ScanTailor Advanced is the version that merges the features of the ScanTailor Featured and ScanTailor Enhanced versions, brings new ones and fixes.
GNU General Public License v3.0
1.15k stars 128 forks source link

Declare page dimensions #185

Open corei8 opened 2 years ago

corei8 commented 2 years ago

Can there be a feature which declare the dimensions of the output PDF? Right now I can view the final dimensions as I play with the margins, but having a pre-defined output would be more convenient.

artmandc commented 2 years ago

Specifying the pixel dimensions of the output image files (e,g, 2550x3300 for letter size, 300 dpi) would end the workaround — which I struggle with — of adding a blank image of the desired dimension to the processing queue. Thanks for Scantailor Advanced!

Piolie commented 2 years ago

It can be done. In step 4 Select Content you can specify a Page box of Manual size. If you apply the same page box to all pages then the document size is fixed by your page box size.

However, it is very easy to screw up the size when changing the margins. If you set margins which would fall outside the page box, then the document size is overridden. This has happened to me frequently when adjusting the margins with Shift+LMB+drag. Also, the page box can't leave any part of an existing content box out (see #123 for some details). The workaround is to first set the page box for the whole document and then do the content recognition.

This step needs some polish. But the alternative is to do several iterations of ordering pages by height/width and manually adjust the margins of the tallest/widest until the whole document is within spec—doable, but no bueno.

artmandc commented 2 years ago

I found it nearly impossible to enter my desired dimension with flaky actions like typing "11" but getting "51." Also, what should be full page of text ends up reduced to about 1/4 size centered on a mostly-empty page, despite source and output tif files being same resolution.

My project, if it matters, involves starting with scanned microfilm images (some 300, some 600 dpi), each with two pages of text. The end product is PDFs created and OCR'ed with Tesseract. I really like the quality of the grayscale-to-black+white conversion in ScanTailor, but the rest of the process is driving me mad.

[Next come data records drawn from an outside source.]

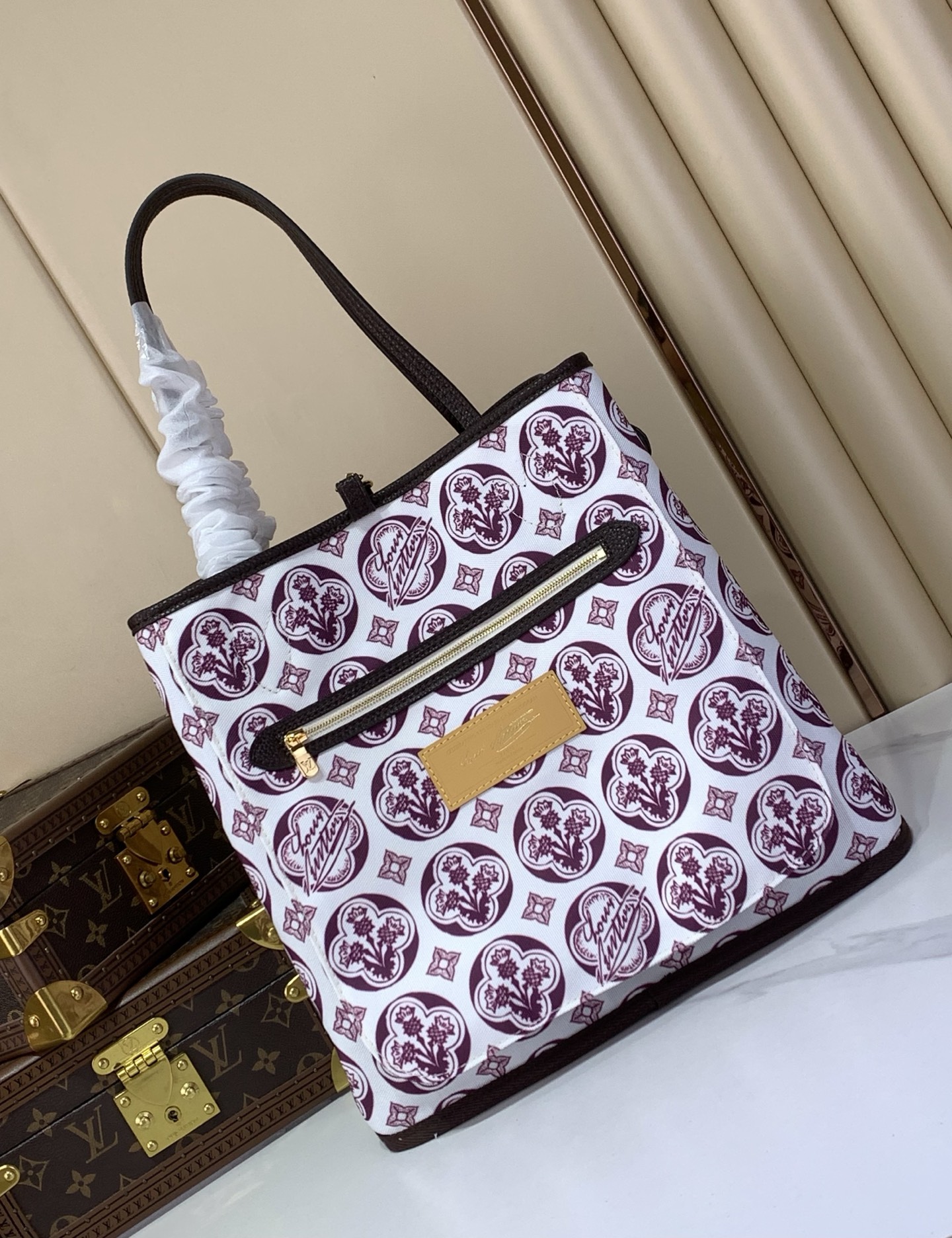 Louis Vuitton Neverfull MM Monogram Canvas Tote Bag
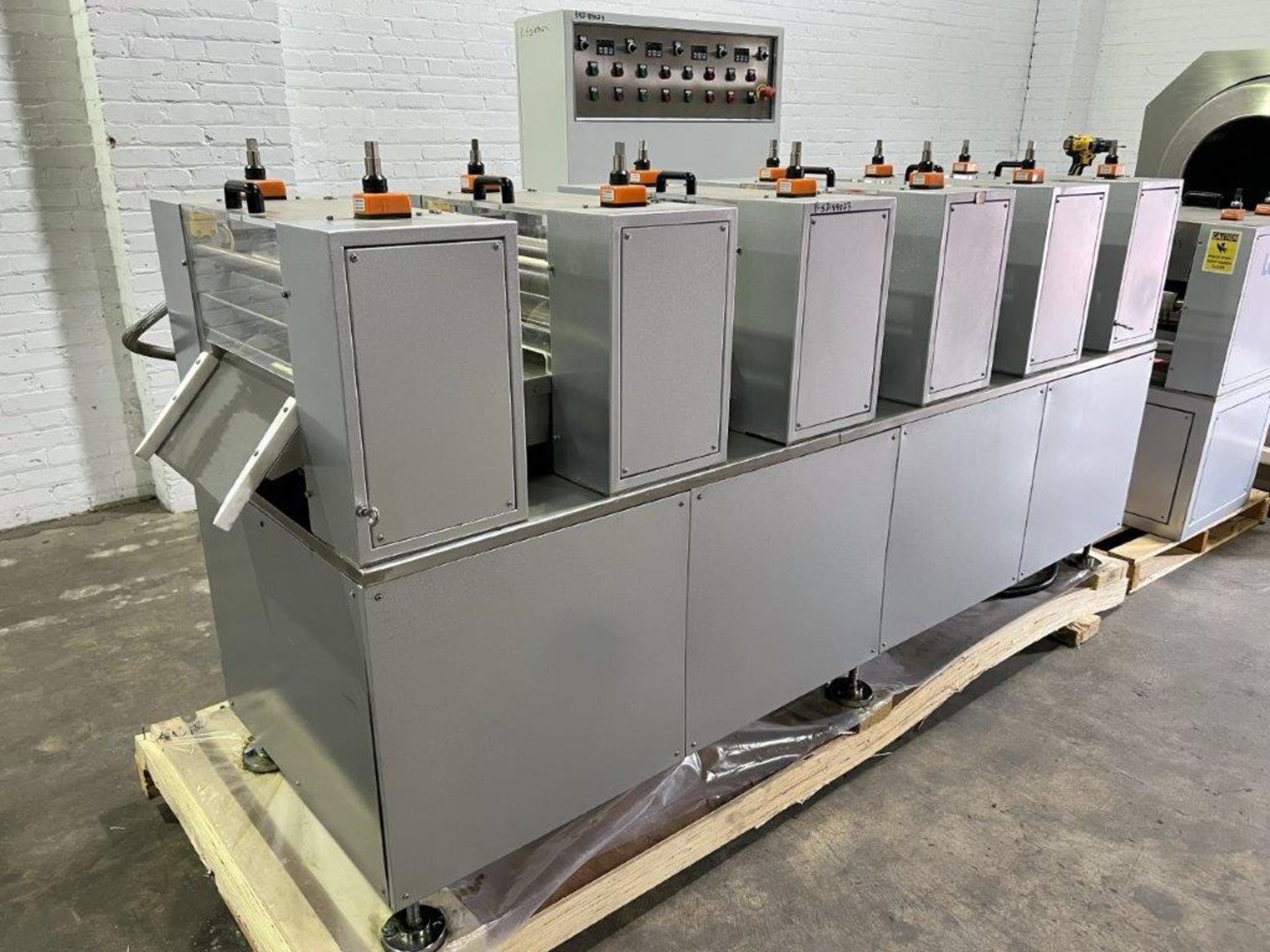 Loynds 300 mm Wide Rolling & Scoring Line for Chiclets - Image 49 of 85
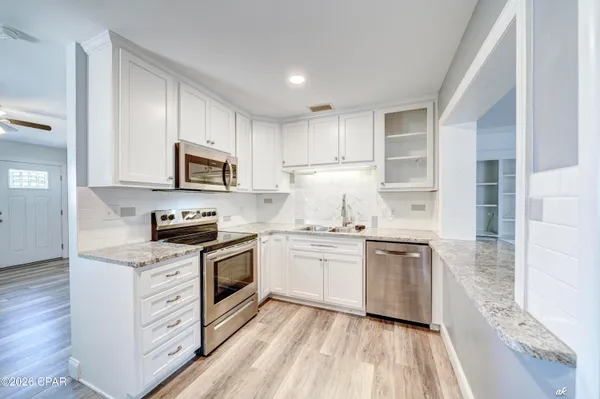 $2,100 | 3105 West 21st Court, Panama City, FL 32405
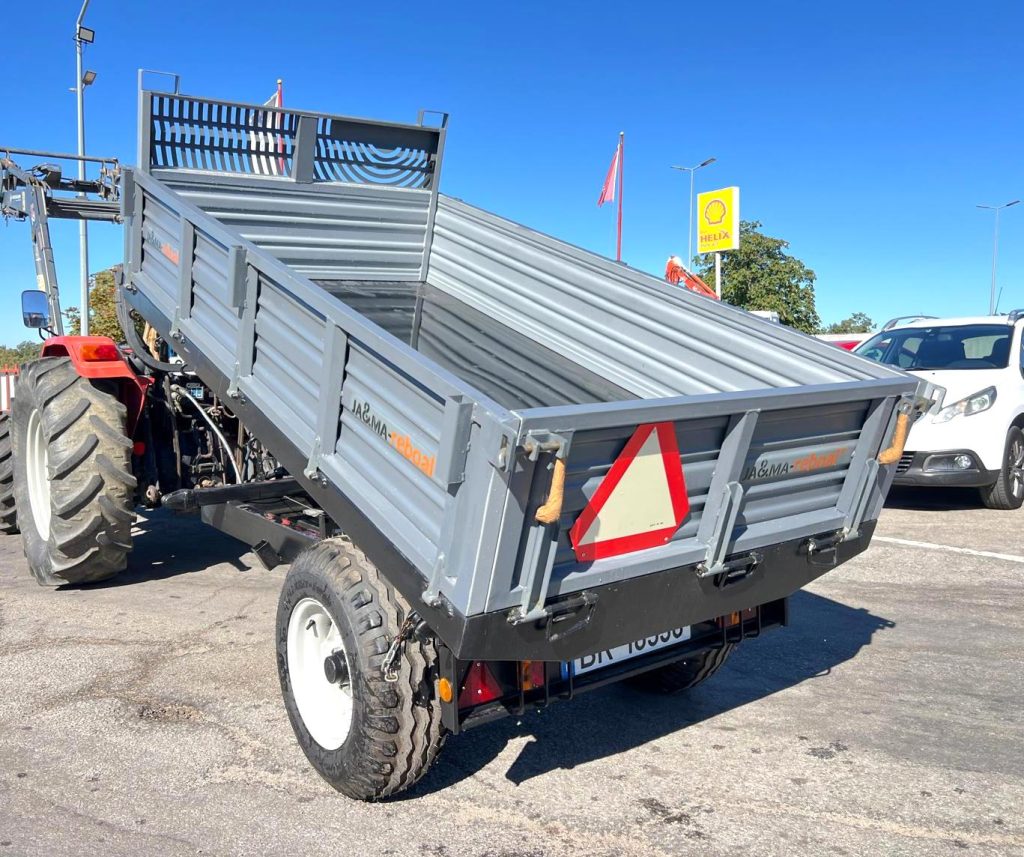 Reboque Reboal RT-3500 Tri-basculante cheio
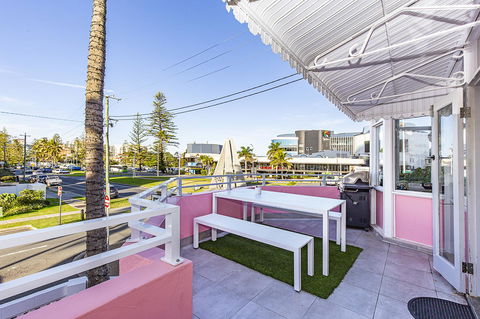 The Pink Hotel Coolangatta - Accommodation Resorts 6
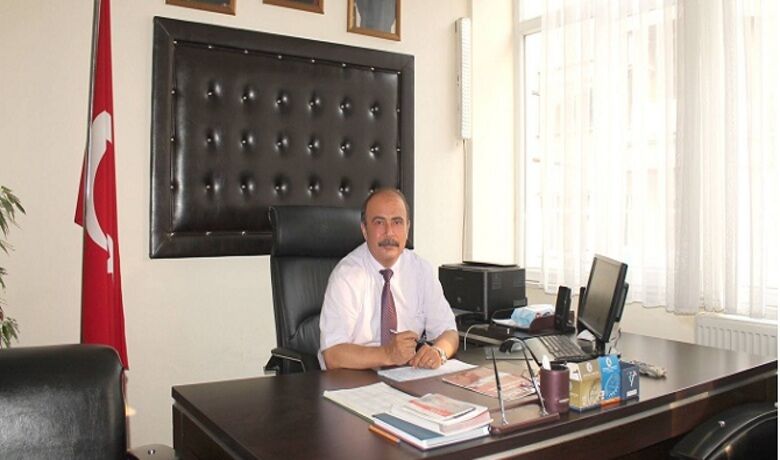 Çamaş`tan Yörükler İçin Zehir Zemberek Sözler - MHP Bafra İlçe Başkanı Abdurrahman Çamaş`tan Samsun Büyük şehir belediyesine yönelik zehir zemberek açıklamalarda bulundu.  MHP Başkanı Çamaş: "Yörükler mahallesinde yaşanan yıkımlar insanlık dışıdır. İnsanın aklına ise ileriye dönük rant hesapları mı var?  sorularını getiriyor." Dedi.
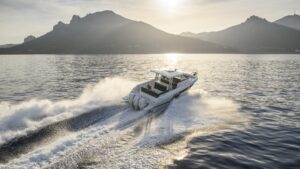 YAMAHA FL300 XS2 (SBW) csónakmotor fehér - tengelyhossz 25 hüvelyk/63,5 cm (fordított propeller forgás) - Image 3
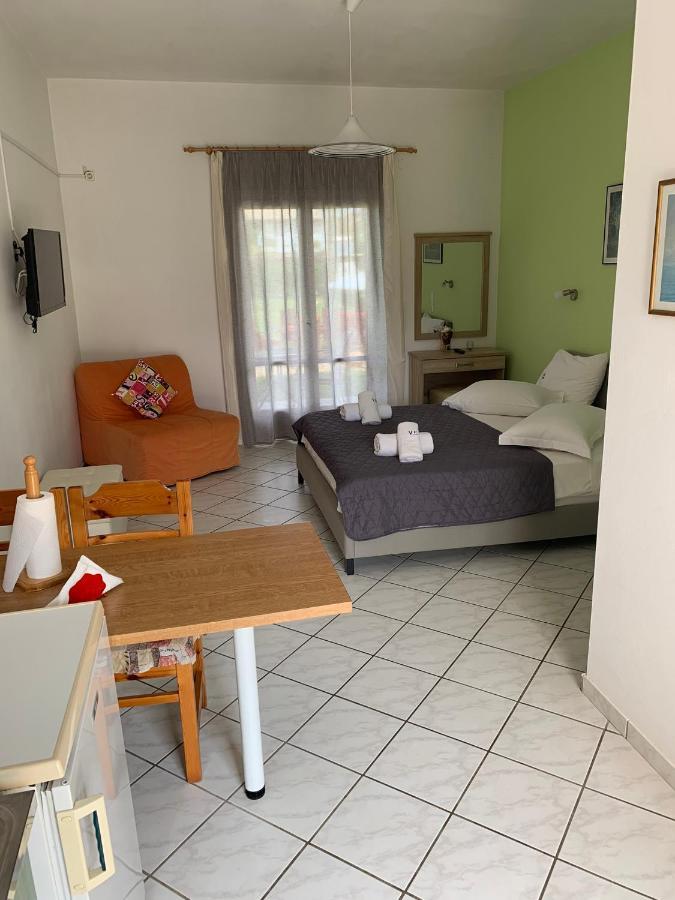 Eleftheria Studios And Apartments Acharavi  Dış mekan fotoğraf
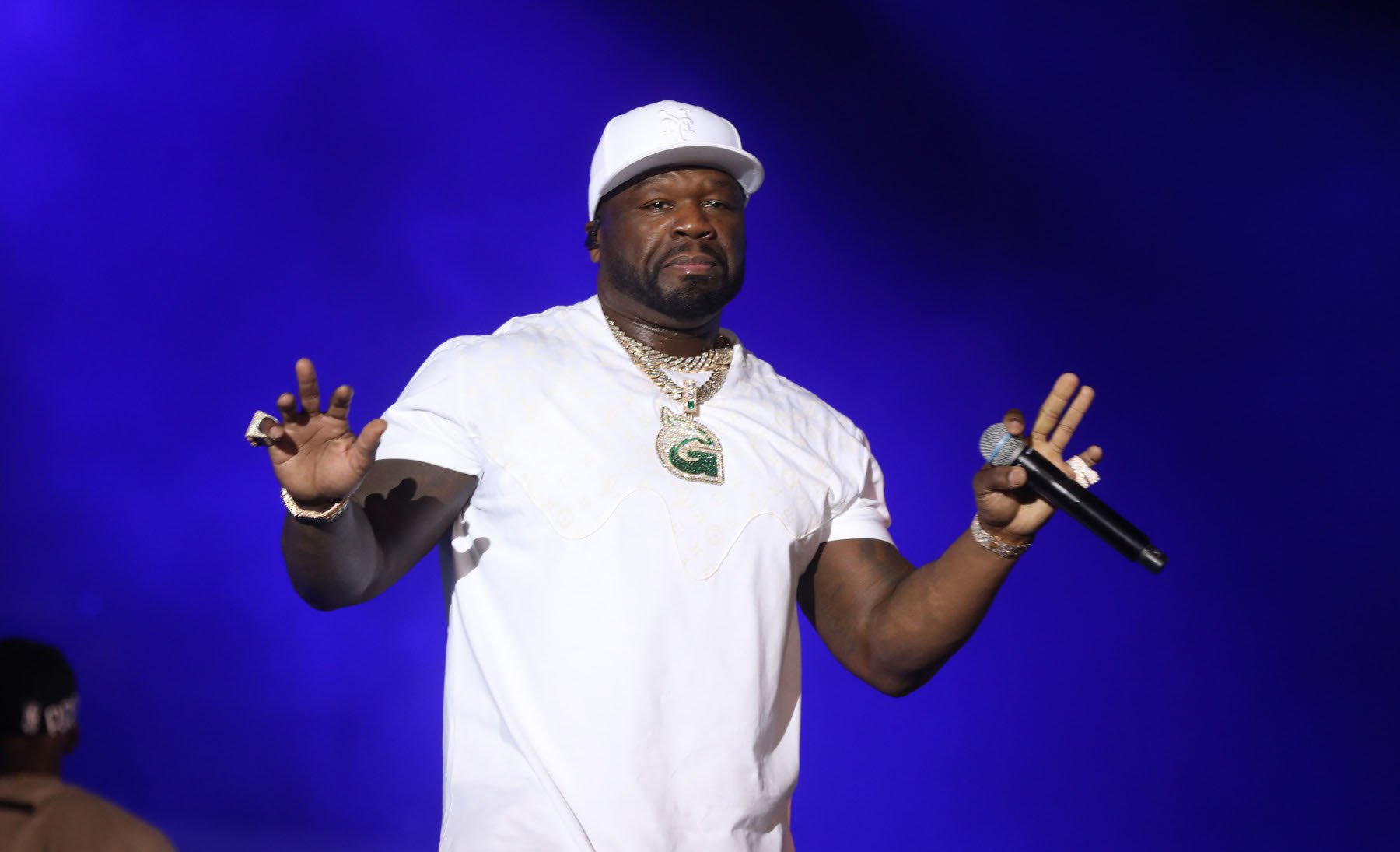 50 Cent: Πέταξε το μικρόφωνο στο κοινό και τραυμάτισε μία γυναίκα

Also, the guides make alignment easier from page-to-page.

In the meantime, though, I may have to find a different solution.

Piolie commented 2 years ago

I found it nearly impossible to enter my desired dimension with flaky actions like typing "11" but getting "51."

This happens because the desired page box border would intersect the selected content box border, and so ST resizes the page box. I think the software should not impose limits on the page box, but for the moment you can avoid this strange behavior by deleting the content box before setting changing the page box.

(some 300, some 600 dpi)

There are also problems if you use input images with different DPIs (see #173) in the same project. The only workaround I found is adhering to a single DPI within one project.